* _Task_
Word for word, copy the records and drop the pictures.

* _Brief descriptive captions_
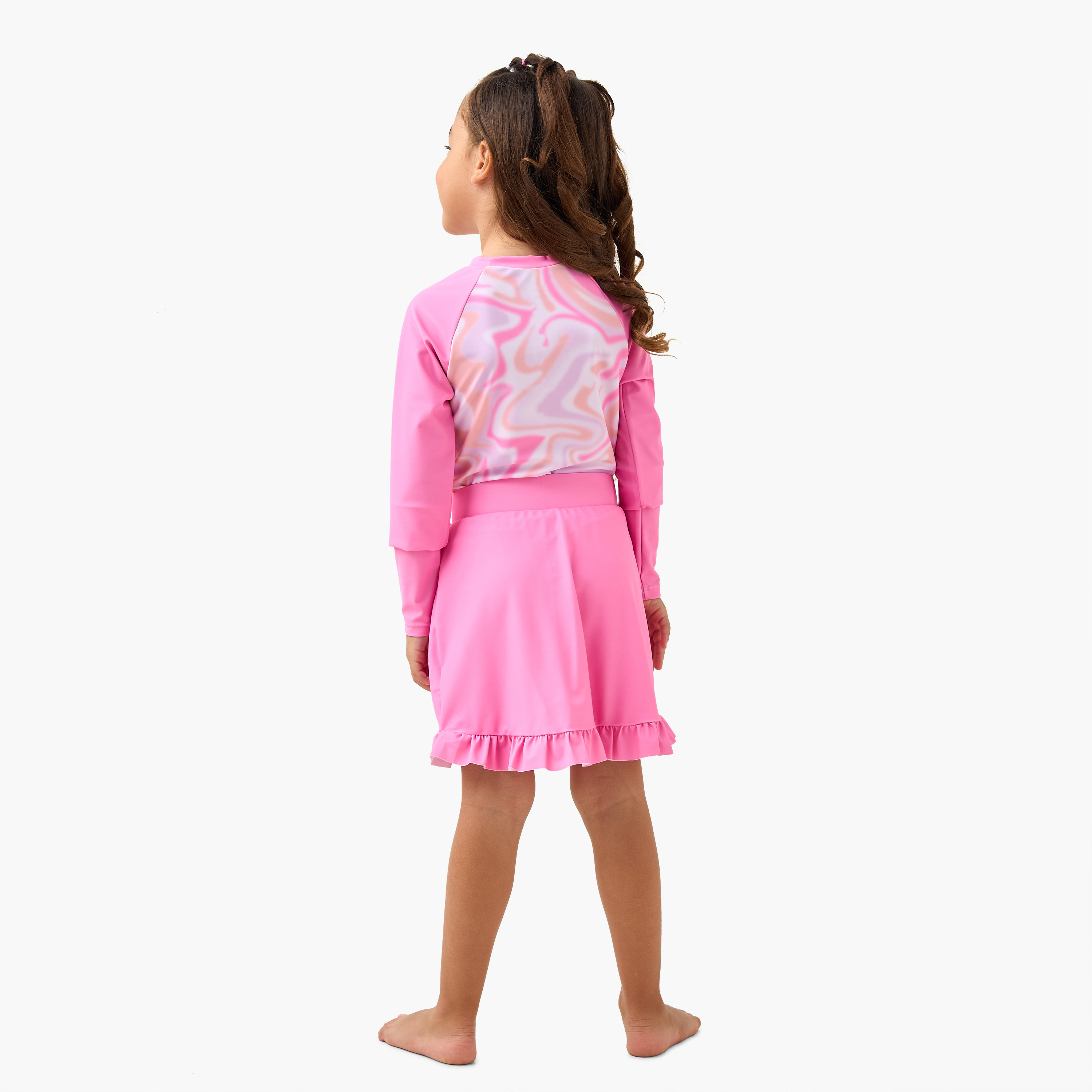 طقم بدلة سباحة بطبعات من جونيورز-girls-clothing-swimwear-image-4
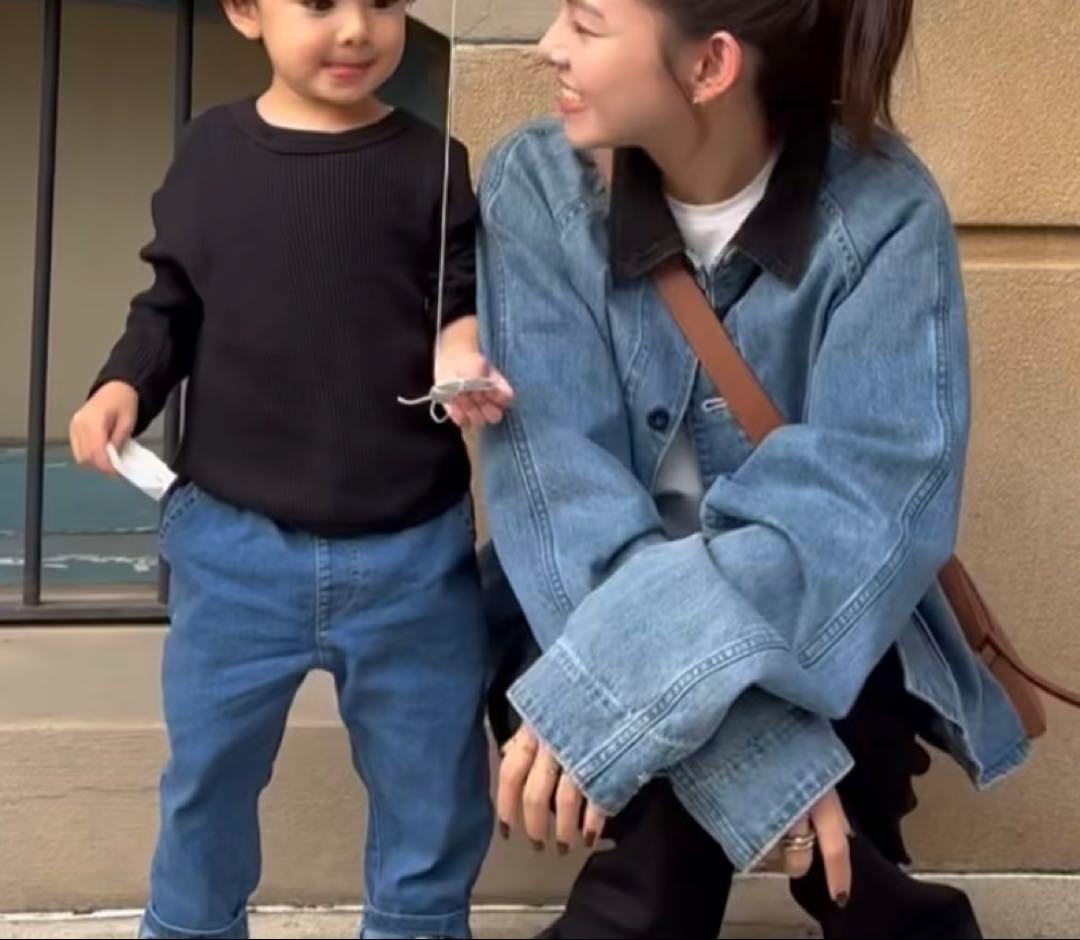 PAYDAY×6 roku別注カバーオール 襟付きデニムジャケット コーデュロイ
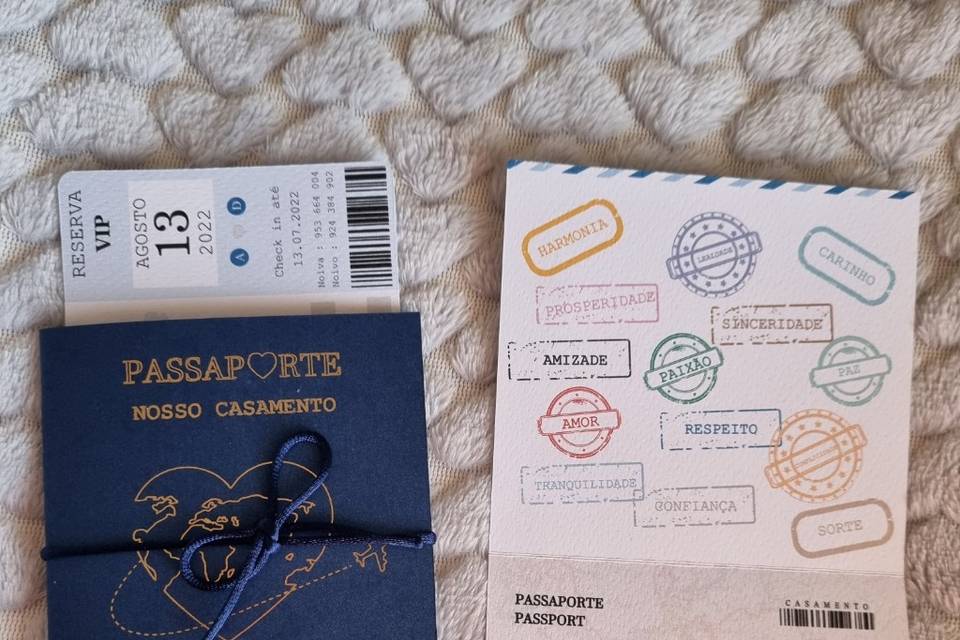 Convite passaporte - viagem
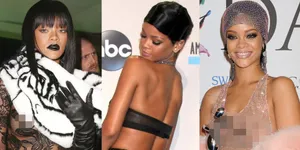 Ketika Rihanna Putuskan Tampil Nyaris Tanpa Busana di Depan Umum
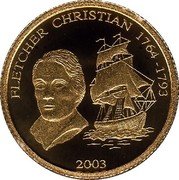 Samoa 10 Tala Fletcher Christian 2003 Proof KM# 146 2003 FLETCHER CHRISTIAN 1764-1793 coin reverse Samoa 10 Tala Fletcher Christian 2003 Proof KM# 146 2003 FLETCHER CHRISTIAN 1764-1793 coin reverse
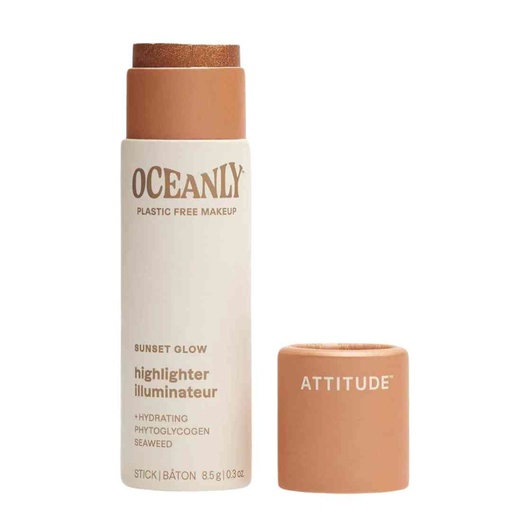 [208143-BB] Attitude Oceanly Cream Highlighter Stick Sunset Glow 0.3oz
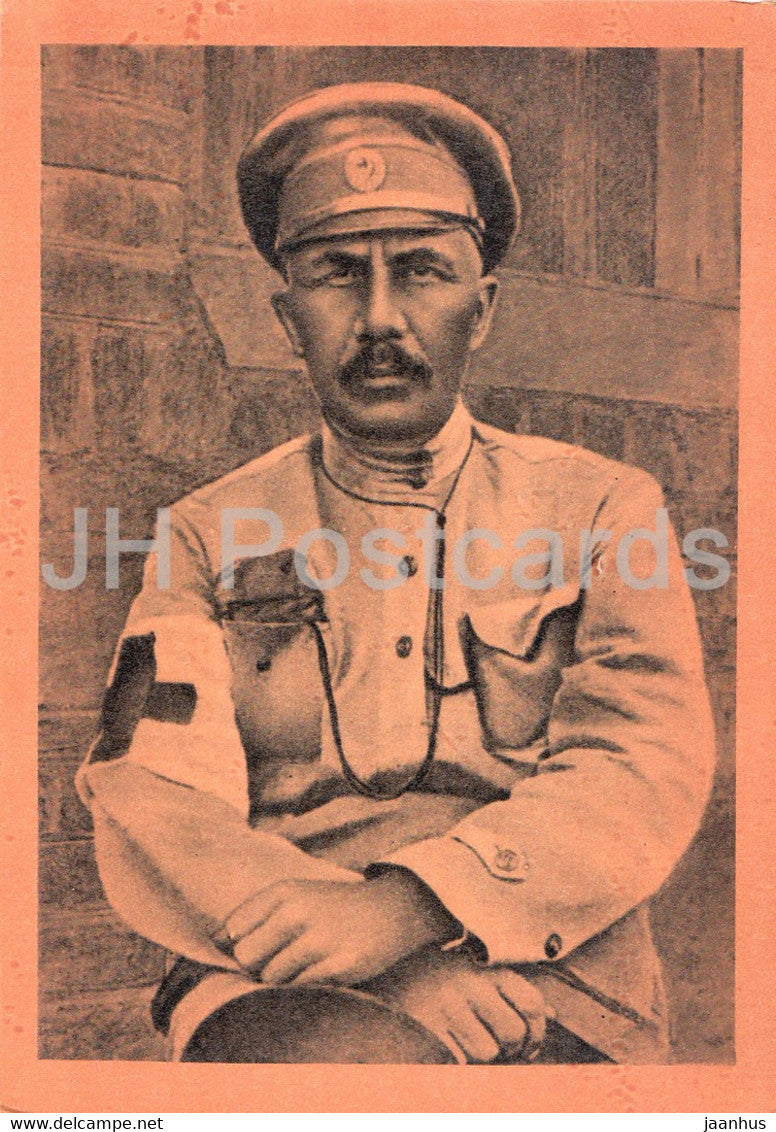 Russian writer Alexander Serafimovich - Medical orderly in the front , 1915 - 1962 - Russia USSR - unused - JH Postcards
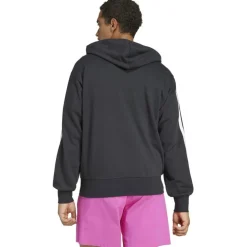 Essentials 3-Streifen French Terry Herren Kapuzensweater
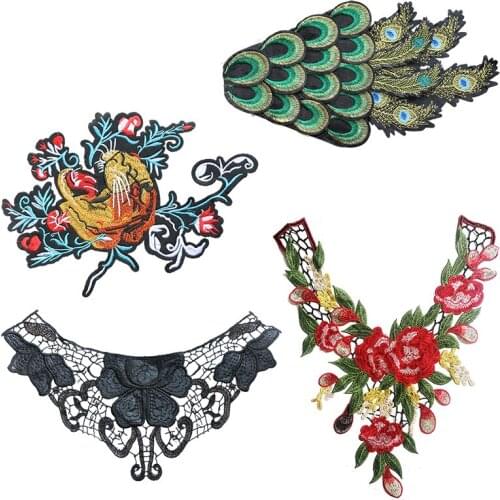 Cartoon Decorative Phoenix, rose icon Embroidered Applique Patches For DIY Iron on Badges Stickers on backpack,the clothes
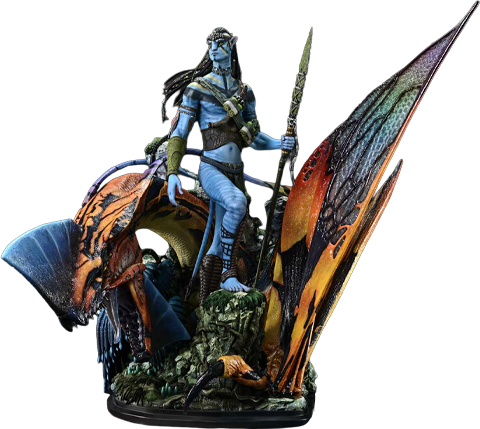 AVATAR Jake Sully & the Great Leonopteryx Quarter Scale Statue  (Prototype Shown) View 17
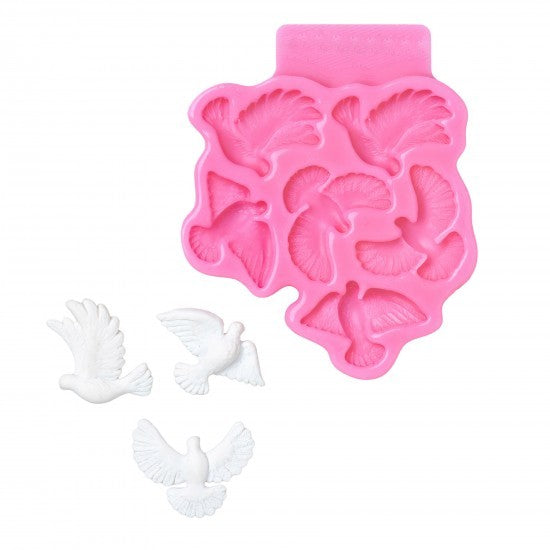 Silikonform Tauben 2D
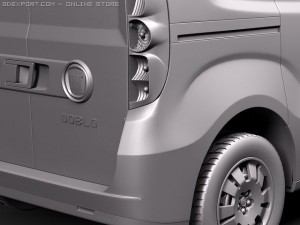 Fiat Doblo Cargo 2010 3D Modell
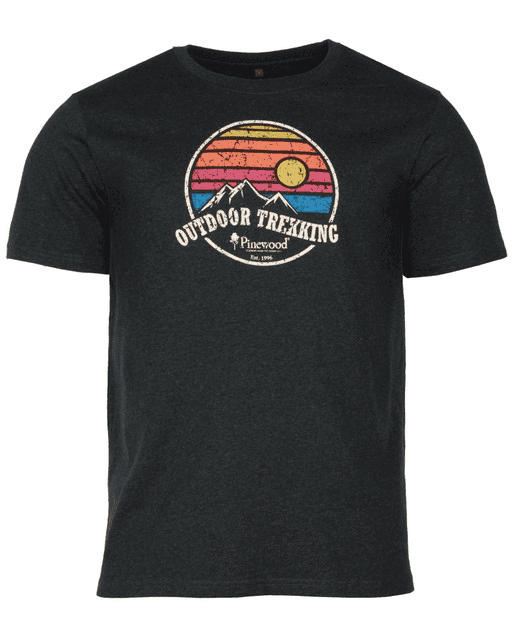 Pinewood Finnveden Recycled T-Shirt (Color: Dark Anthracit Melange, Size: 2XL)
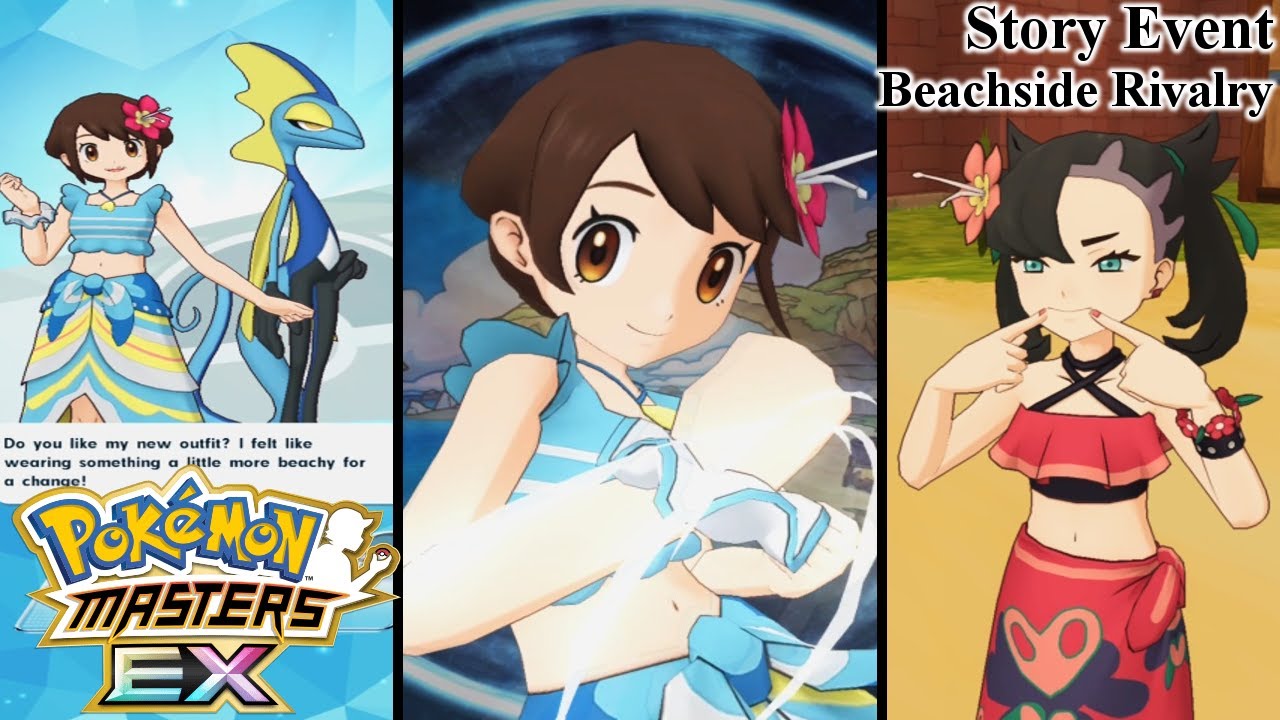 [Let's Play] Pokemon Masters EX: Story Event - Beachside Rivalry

* _Task solution_
 طقم بدلة سباحة بطبعات من جونيورز-girls-clothing-swimwear-image-4
 PAYDAY×6 roku別注カバーオール 襟付きデニムジャケット コーデュロイ
 Convite passaporte - viagem
 Ketika Rihanna Putuskan Tampil Nyaris Tanpa Busana di Depan Umum
 Samoa 10 Tala Fletcher Christian 2003 Proof KM# 146 2003 FLETCHER CHRISTIAN 1764-1793 coin reverse Samoa 10 Tala Fletcher Christian 2003 Proof KM# 146 2003 FLETCHER CHRISTIAN 1764-1793 coin reverse
 [208143-BB] Attitude Oceanly Cream Highlighter Stick Sunset Glow 0.3oz
 Russian writer Alexander Serafimovich - Medical orderly in the front , 1915 - 1962 - Russia USSR - unused - JH Postcards
 Essentials 3-Streifen French Terry Herren Kapuzensweater
 Cartoon Decorative Phoenix, rose icon Embroidered Applique Patches For DIY Iron on Badges Stickers on backpack,the clothes
 AVATAR Jake Sully & the Great Leonopteryx Quarter Scale Statue  (Prototype Shown) View 17
 Silikonform Tauben 2D
 Fiat Doblo Cargo 2010 3D Modell
 Pinewood Finnveden Recycled T-Shirt (Color: Dark Anthracit Melange, Size: 2XL)
 [Let's Play] Pokemon Masters EX: Story Event - Beachside Rivalry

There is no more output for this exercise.